» TASK REQUIREMENTS
The string "Cactus" appears in some lines of the entries that follow; copy each such line.

» Data records
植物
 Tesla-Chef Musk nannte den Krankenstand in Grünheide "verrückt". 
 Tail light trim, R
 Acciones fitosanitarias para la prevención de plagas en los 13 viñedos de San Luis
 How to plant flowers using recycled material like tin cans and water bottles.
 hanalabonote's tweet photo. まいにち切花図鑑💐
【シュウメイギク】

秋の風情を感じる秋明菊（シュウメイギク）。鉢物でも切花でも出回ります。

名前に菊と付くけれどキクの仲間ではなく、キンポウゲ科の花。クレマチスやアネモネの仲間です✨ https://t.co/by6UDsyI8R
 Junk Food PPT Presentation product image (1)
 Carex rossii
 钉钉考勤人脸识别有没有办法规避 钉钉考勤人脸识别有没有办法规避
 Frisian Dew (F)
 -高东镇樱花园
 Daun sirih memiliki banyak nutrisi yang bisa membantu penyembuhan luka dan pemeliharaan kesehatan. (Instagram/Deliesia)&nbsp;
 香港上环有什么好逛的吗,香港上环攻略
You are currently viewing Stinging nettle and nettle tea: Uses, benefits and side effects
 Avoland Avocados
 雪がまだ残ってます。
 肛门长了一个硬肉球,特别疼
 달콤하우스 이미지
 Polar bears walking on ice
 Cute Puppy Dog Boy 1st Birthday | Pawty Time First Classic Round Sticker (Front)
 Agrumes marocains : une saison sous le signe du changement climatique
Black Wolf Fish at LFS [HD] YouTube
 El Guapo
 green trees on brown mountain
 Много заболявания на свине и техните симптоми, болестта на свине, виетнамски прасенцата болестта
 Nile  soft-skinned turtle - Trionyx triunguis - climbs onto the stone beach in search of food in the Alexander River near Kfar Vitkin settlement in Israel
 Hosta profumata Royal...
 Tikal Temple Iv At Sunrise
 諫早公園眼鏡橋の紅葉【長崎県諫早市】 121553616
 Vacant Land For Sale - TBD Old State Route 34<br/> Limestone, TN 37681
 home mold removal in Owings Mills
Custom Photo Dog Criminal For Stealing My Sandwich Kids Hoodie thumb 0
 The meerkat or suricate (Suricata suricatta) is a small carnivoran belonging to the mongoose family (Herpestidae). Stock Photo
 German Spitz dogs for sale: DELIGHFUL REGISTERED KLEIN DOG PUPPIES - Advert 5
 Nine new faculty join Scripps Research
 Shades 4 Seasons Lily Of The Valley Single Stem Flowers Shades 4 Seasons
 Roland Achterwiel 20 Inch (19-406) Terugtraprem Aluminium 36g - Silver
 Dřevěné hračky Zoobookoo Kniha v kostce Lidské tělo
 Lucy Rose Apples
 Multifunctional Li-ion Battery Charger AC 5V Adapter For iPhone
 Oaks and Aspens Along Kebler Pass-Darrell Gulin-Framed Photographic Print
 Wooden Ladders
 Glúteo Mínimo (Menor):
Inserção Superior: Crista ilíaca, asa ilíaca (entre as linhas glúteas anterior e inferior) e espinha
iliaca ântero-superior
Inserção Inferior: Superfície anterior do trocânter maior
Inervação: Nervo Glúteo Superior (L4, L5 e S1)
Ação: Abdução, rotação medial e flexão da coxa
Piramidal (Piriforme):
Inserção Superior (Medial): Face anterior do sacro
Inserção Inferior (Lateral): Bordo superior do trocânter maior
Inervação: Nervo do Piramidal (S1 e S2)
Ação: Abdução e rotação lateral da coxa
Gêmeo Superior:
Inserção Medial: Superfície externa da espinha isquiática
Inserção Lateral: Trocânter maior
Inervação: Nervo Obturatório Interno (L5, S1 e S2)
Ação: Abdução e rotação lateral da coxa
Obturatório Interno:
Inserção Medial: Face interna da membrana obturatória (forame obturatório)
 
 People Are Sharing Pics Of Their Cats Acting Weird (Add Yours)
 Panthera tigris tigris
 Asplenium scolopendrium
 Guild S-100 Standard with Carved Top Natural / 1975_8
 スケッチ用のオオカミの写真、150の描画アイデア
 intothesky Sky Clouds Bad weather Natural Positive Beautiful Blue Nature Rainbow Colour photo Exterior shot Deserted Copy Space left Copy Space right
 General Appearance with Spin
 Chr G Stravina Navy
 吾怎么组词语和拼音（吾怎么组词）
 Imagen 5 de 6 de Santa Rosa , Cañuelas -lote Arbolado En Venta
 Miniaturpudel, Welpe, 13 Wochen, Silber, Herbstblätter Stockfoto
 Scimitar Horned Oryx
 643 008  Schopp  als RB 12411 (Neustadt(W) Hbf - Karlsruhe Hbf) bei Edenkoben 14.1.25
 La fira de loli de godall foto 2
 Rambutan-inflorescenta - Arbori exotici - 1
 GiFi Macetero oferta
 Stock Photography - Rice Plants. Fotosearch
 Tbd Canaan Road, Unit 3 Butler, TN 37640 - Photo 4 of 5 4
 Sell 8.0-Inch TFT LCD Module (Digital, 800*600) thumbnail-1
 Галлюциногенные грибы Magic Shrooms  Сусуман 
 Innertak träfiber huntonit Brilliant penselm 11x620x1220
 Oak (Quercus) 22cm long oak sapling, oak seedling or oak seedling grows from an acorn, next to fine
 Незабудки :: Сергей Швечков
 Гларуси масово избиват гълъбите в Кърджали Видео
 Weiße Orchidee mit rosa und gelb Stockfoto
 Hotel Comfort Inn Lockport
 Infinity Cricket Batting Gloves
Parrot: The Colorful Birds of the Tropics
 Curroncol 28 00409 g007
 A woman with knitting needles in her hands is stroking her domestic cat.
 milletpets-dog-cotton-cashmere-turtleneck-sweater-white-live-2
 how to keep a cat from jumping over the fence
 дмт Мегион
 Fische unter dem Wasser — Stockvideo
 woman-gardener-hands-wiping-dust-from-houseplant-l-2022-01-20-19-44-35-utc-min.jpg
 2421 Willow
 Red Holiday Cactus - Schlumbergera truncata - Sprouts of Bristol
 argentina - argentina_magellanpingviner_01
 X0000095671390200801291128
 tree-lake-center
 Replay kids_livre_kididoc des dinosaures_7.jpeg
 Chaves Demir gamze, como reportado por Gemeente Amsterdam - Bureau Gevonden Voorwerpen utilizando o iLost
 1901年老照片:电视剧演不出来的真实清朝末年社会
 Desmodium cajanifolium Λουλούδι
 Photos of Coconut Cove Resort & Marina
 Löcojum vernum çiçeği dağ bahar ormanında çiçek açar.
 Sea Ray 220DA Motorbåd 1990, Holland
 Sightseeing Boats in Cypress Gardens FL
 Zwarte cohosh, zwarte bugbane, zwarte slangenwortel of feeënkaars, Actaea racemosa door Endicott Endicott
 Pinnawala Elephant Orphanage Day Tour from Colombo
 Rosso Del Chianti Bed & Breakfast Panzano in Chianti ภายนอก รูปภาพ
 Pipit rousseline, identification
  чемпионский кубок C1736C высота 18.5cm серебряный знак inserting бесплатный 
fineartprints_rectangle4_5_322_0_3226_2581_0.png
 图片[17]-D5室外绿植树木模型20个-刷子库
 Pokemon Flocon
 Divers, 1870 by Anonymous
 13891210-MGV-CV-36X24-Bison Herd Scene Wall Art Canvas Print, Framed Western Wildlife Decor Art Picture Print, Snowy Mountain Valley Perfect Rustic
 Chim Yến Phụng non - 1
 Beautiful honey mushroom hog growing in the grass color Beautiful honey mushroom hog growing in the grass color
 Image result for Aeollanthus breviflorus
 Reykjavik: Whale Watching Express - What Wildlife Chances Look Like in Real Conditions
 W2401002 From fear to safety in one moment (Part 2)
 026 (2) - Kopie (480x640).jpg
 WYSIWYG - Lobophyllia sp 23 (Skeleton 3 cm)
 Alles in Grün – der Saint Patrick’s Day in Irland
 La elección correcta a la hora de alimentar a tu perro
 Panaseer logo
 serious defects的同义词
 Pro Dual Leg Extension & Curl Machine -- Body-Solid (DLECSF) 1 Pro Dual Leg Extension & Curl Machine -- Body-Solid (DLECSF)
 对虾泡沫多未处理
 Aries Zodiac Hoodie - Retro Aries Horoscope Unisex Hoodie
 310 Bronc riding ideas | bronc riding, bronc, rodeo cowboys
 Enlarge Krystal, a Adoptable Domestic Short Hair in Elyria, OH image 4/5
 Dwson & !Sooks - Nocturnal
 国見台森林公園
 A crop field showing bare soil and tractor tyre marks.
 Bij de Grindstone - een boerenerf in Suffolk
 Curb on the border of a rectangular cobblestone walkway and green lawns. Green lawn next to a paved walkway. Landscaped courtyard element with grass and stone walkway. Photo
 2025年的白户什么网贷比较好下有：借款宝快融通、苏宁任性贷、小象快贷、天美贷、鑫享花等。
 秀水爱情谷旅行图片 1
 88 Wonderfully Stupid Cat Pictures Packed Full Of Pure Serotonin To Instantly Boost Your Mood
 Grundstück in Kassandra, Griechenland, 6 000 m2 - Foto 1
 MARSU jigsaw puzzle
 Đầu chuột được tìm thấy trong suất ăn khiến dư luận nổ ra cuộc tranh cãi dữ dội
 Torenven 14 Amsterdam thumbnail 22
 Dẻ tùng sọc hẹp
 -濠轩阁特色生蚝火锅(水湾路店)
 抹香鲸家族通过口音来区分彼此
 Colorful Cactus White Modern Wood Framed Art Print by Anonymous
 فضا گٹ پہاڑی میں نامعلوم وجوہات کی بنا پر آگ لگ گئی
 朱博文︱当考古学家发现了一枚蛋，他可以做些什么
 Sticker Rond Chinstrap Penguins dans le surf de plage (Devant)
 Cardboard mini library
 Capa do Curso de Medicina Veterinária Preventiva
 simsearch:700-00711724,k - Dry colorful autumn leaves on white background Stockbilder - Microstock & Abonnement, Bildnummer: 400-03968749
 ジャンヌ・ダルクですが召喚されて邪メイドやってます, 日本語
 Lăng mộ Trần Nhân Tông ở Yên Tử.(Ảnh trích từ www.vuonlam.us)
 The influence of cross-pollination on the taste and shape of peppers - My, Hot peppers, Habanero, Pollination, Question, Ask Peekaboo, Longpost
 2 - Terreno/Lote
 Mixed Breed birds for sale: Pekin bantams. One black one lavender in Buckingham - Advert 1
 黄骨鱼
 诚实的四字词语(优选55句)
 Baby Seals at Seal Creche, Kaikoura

» SOLUTION BELOW
 Red Holiday Cactus - Schlumbergera truncata - Sprouts of Bristol
 Colorful Cactus White Modern Wood Framed Art Print by Anonymous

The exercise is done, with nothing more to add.